Well guys, I think my sister deserved the icy windshield

I laughed at your comments about me getting back at my sister by putting cold water on her windshield and letting it ice up.

Get this:
3:40a.m. this morning my phone vibrates. I get up to check it and see it is Jenn who texted me. She forwarded me a text that Mike sent (the one my sister texted) whom she told she was glad he lost his job. He said "im having a x-mas party fri night. don't tell mike. mike is a liar. mike is not a friend. just dont let him know." I waited until 5:30 to text Jenn and thank her. She wanted to show me, but also ask what was going on. I just told her "thanks, Mike and I are having an argument... no biggie." But from 3:40 on this morning my stomach was in such a knot. I felt humiliated that Mike would act so juvenilely, texting all of our friends. I am sure Randy, Mike, Alex, my ex'es, and 4-5 other friends have heard/received that text at least. He would have been a much bigger man to say just not invite me, or say "look man, I'm still upset and am not inviting you." I really feel like and am sure I have lost most of my good high school friends that I associate(d) with quite a bit prior to this. I lay crying until it was time to wake up.

I was going to go to the high school, but I knew I couldn't show my face to Gonzo or Darla. I would have broke down. I had a sub job to sub for band today. I had an easy day freezing my ass off while the kids spray painted their flutes they made earlier in the week. The cold and necessity to monitor the kids constantly kept my mind off of the whole thing. At lunch my mom and Linda asked me what was going on. I said there wasn't a problem and I was having a good day because the students have been pretty well behaved given that it was the last day before break.

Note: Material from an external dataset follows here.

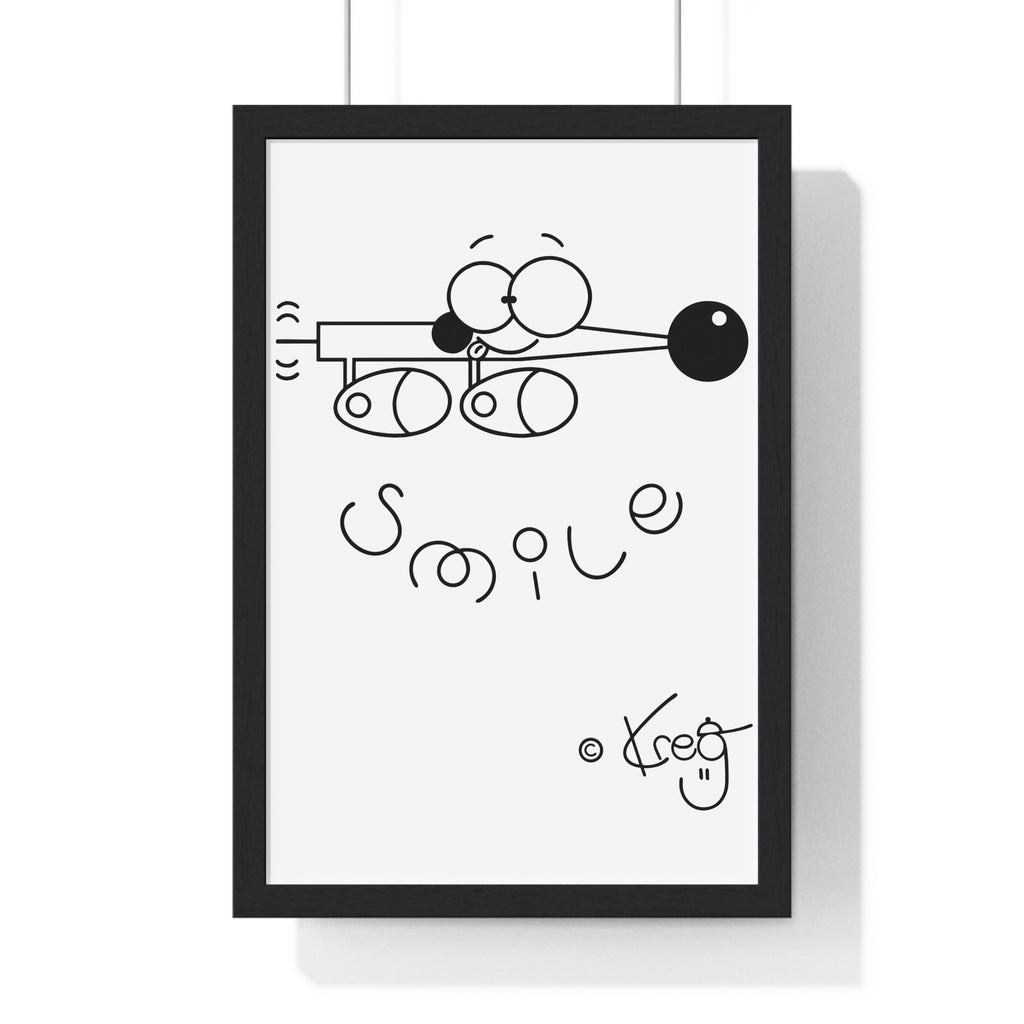 SMILE WIENER DOG,Vertical Framed Poster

On the way home I told my mom what happened and she was upset and defended me; despite the fact it would do no good. We have to hide it from my dad for the time-being.

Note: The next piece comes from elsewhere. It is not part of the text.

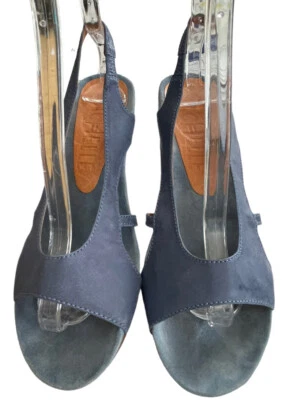 Anthropologie Sachelle Mujer’s Azul Gamuza Peep Toe Tacones Cordones Talla 8 Foto 1 de 4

I go to LA Fitness tonight to workout and use some of my anger at the gym beating myself up. I am about a mile away and I realize Gonzo is working. I was about to turn around and go back home where my sister is, but decide to go. Gonzo has never seen me cry. I decide to put on my best face and walk in. I try to smile and she waves and smiles. She says hello and the words don't come out. I whisper "hello." She quickly adjusts her expression and asks what is going on. I said "nothing" and went to work out. Her texts come and she asks what's going on. I hint around the bush that it was my sister's texts coming back to get me again. We chat some more and the The Guy calls. I debated taking his call. I have had a lump in my throat the other day and when he called I still did. He left me a voicemail just saying to defend myself and tell Mike that we were both victims and it has hurt both of us, but I hope he can forgive. I would have been ok if he had just not invited me because I understand he is hurt, but to go out of his way and involve other people, plus talk badly about me, two wrongs don't make a right etc. etc. Hung around for about an hour or so working out/texting Gonzo. Then as I leave I was able to muster up a "goodbye" and tell her how embarrassed I was about her seeing me like this.

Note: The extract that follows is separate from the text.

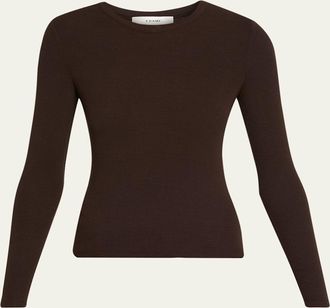 Frame Denim The Long-Sleeve Ribbed Crewneck Top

Tonight I'm just still feeling really hurt, but I talked with a couple friends online who do not know Mike, so I'm doing ok. A part of me just feels hurt. Hurt about the childish games. Hurt about the way Mike is handling this. Hurt that Mike, Mike, and Steve probably aren't the great friends they seemed to be. Hurt about the way the other people are treating this and not contacting me to see what is going on. Lost in that I've completely lost most of my high school friends, and maybe it is time to sever these contacts, but these are the people I associate with here in my city.

2 comments:

Aek said...

Your sister is unbelievable sometimes, and I mean that literally.

I'm sorry that you had such a rough day. :( You'd think that your friends would know you better than that, better than that text your sister sent.

People are funny creatures. *hugs* I hope things get better for you. Enjoy the holidays!! :)

Crap Newsman said...

I thought your sister sent a letter to everyone? Why not talk to him? Explain everything? It's worth a try. You've got nothing to lose now, anyway.